Hi I'm trying to create an endpoint for my own pretrained model. (which is customized flan-t5 model. )
I already have model.tar.gz already uploaded on S3 bucket called 'errocorrection' and working on sagemaker notebook instance ml.g4dn.2xlarge with EBS volume 100GB.
(model.tar.gz is archived : inference.py, pytorch_model.bin, tokenizer.json, tokenizer_config.json, config.json, generation_config.json, special_tokens_map.json and it is 10GB)
role = sagemaker.get_execution_role()
bucket = 'errocorrection'
%%bash -s "$role" "$bucket"
ROLE=$1
BUCKET=$2
aws s3 cp model.tar.gz s3://$BUCKET/model.tar.gz
%%time
model_path = 's3://{}/model.tar.gz'.format(bucket)
endpoint_name = "endpoint-{}".format(int(time.time()))
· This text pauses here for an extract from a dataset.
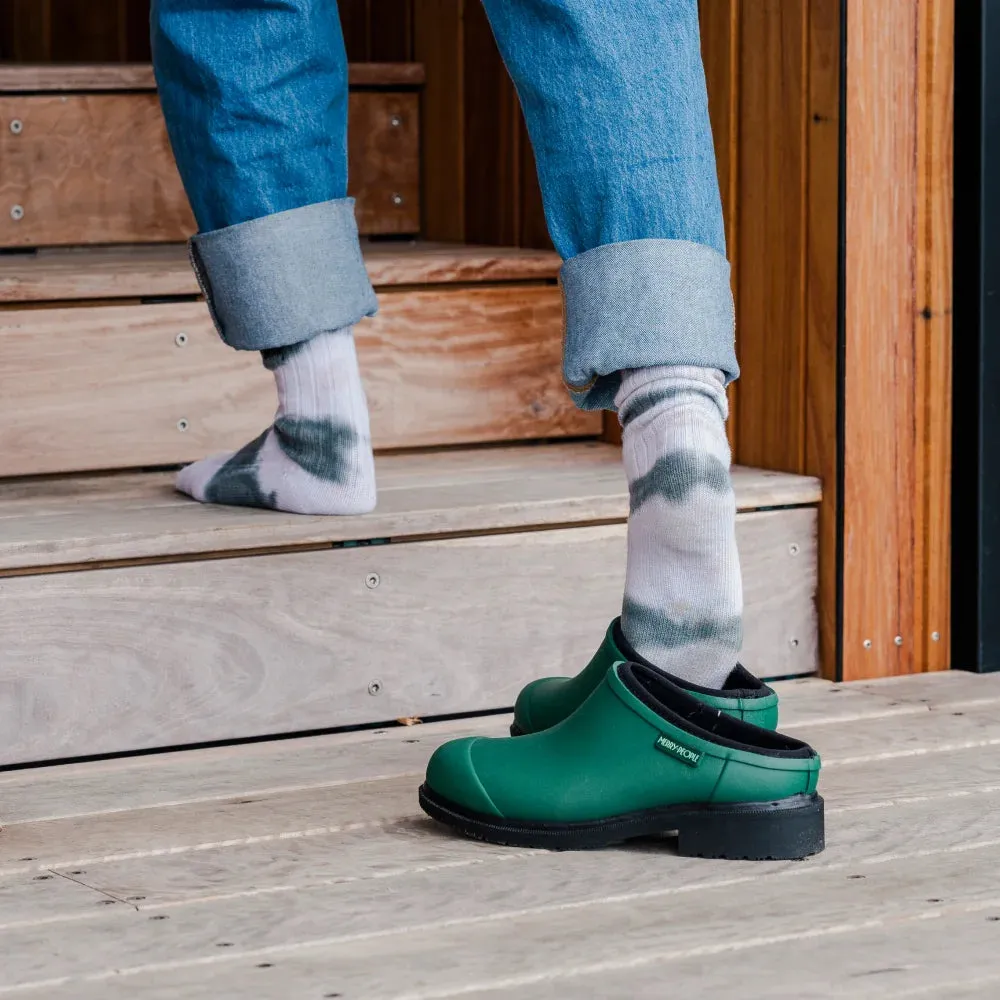 Billie Clog // Alpine Green & Black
model = PyTorchModel(model_data=model_path,
role=role,
entry_point='inference.py',
framework_version='1.8.0',
py_version='py3')
predictor = model.deploy(
initial_instance_count=1,
instance_type='ml.g4dn.2xlarge'
)
The problem is, when I try to create an endpoint for this model(with a code above), it fails because of Os error : [errno28] No space left on disk. I checked the space with terminal, df -h command, but I think there is already enough space.
I've attached the screenshot of trouble shooting and the result of memories when I checked the space.
Please help me!!